My proposal was to make PID a unique quasi-handle the same way random UUIDs are unique.

Missed some rows

Posted May 4, 2011 19:31 UTC (Wed) by njs (subscriber, #40338) [Link] (2 responses)

> Say I have a new process which I want to add to a cgroup. How do I assign the process to a cgroup? All the documentation I can find says to echo the PID to a cgroup control file. But if I'm using a PID--and I'm not the process with that PID--then I'm still subject to a race--the PID can become stale between acquiring the value and communicating it to the cgroup subsystem.

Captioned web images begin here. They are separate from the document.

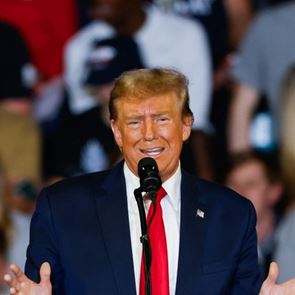 Τι οικονομικό αντίκτυπο αναμένεται να έχει μια δεύτερη θητεία του Donald Trump στην προεδρία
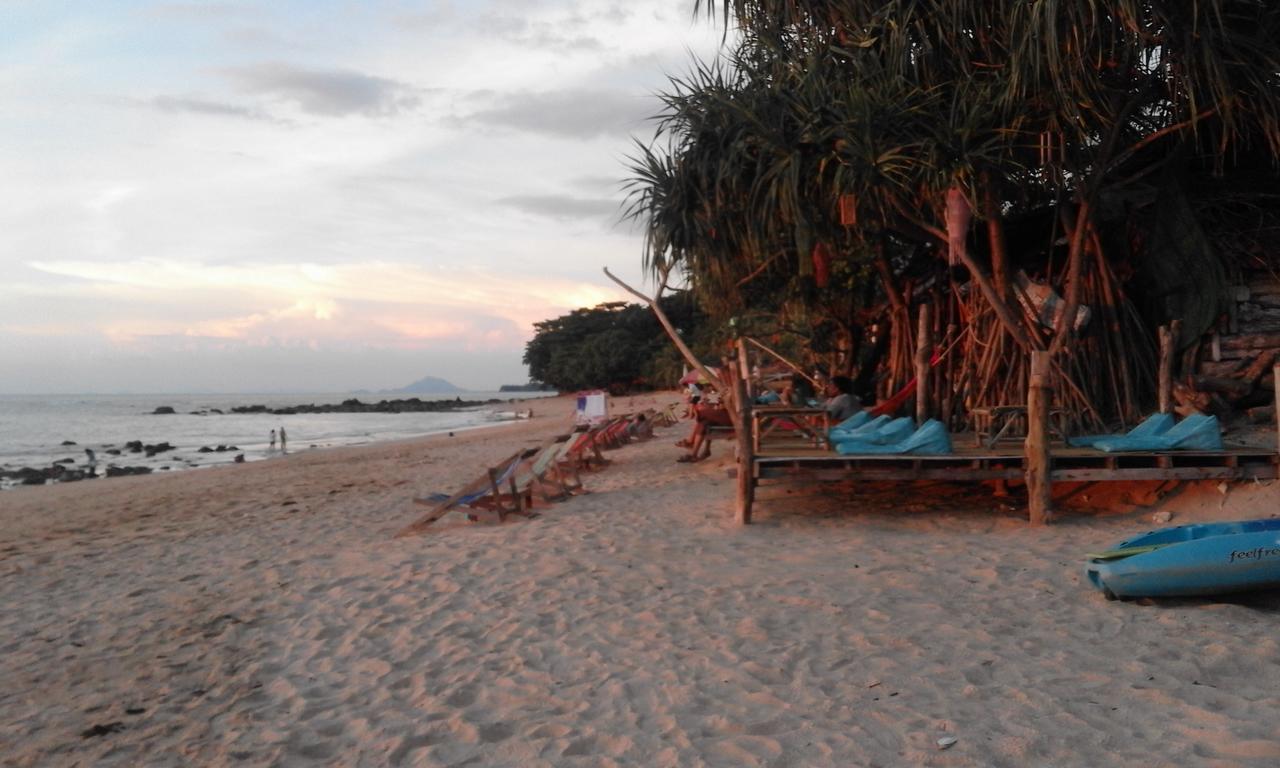 Relax Beach House Hotel Koh Lanta Exterior photo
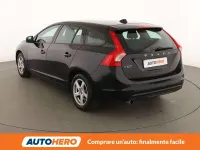Käytetty Volvo V60 Kinetic 120 HP (88 kW) 2016 Musta Farmari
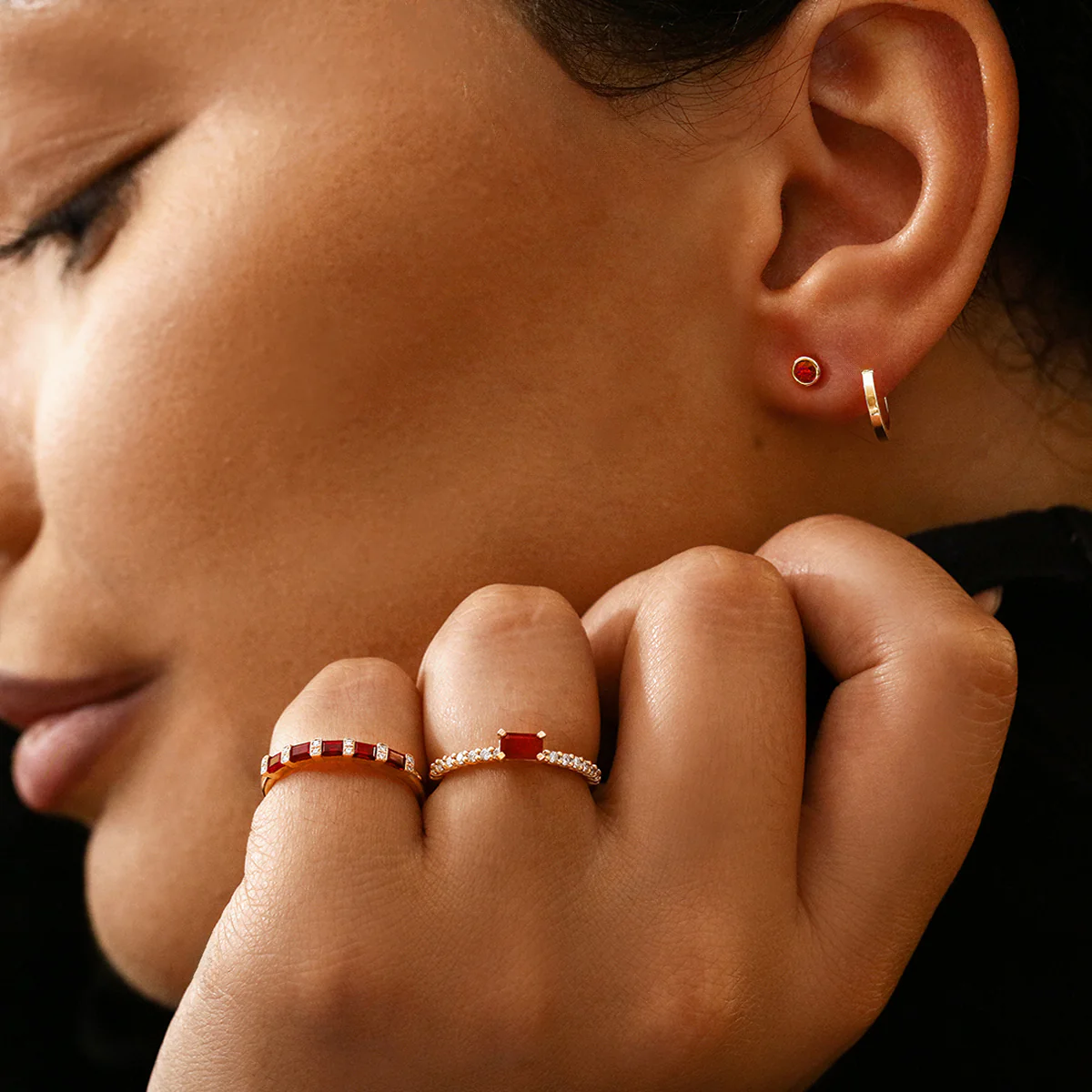 Bijou Collection 0.46ct Emerald Cut Ruby Shoulder Set Ring | 9K Yellow Gold - Image 6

In the above scheme, if you're the one who's spawning this new process that you want to end up in a cgroup, then you can do
1) fork
2) the child adds itself to the desired cgroup
3) the child calls exec()

That's race-free.

Missed some rows

Posted May 4, 2011 21:08 UTC (Wed) by wahern (subscriber, #37304) [Link] (1 responses)

Sure. But the issue is handling arbitrary, non-well behaving processes. And AFAICT there's still no provably safe way to handle that on Unix systems. With only a 16-bit (or 15-bit, or 22-bit) PID space, it's trivial to write a program to sit around and wait to take advantage of a race. (I don't have an attacker mindset, but I wouldn't bet against the proposition that it could be a useful vector.)

Of course, "who cares" is a valid reply; we've been living with it for 40 years. But that response challenges the value added by systemd's reliance on esoteric Linux subsystems. For example, when we talk about how a service manager is so much better than a race-prone PID file, nobody ever considers that the race condition is easily avoided by not using root. If you create a user per daemon--_www, _ftp, etc--then even if you read a stale PID and signal the wrong process, as long as you're sending the signal with a service-delegated UID then it will never be delivered.

I never brought it up before because it's arguably not very elegant. I'm loath to defend PID files. But if we're going to replace them with something, I'd like it to be generic and tailored to the specific issue, rather than lauding some supposed panacean init replacement.

The past decade in Linux-land has seen a parade of sophisticated daemon services intended to patch over some clunky Unix interface (device management, process management, etc, etc). They each require application developers to change from portable POSIX patterns to using some new API or library or protocol. But they come and go like the wind. Worthy solutions tend to be so obviously beneficial that all the free unices eagerly adopt or mimic them.

Missed some rows

Posted May 5, 2011 1:06 UTC (Thu) by njs (subscriber, #40338) [Link]

I guess I don't understand what you mean by "managing arbitrary, non-well behaving processes".

IIUC, when systemd starts a service, that service gets stuck (reliably, and race-freely) into its own cgroup, from which it cannot escape. Then you can kill it or whatever reliably, even if it's badly behaved (spawning children that double-fork and end up as orphans, forking to a new PID every 100 ms, whatever you like).

If you're trying to go after a process that was started outside of a cgroup, then this doesn't work so well, but not much does. That process that keeps switching PIDs as quickly as possible can't easily be killed even if you have a collision-free PID space.

Missed some rows

Posted May 4, 2011 21:28 UTC (Wed) by mjthayer (guest, #39183) [Link]

> Actually, no. The problem with miskills due to PID wraparound are very well-known.

> Various 'enterprise' Unixes had workarounds since forever.

A workaround I implemented a while ago for "normal" Unixes was for the daemon to place an advisory lock on its pidfile. It only works on filesystems with that feature of course, but by checking that the file is locked before issuing your kill command you greatly reduce the race window.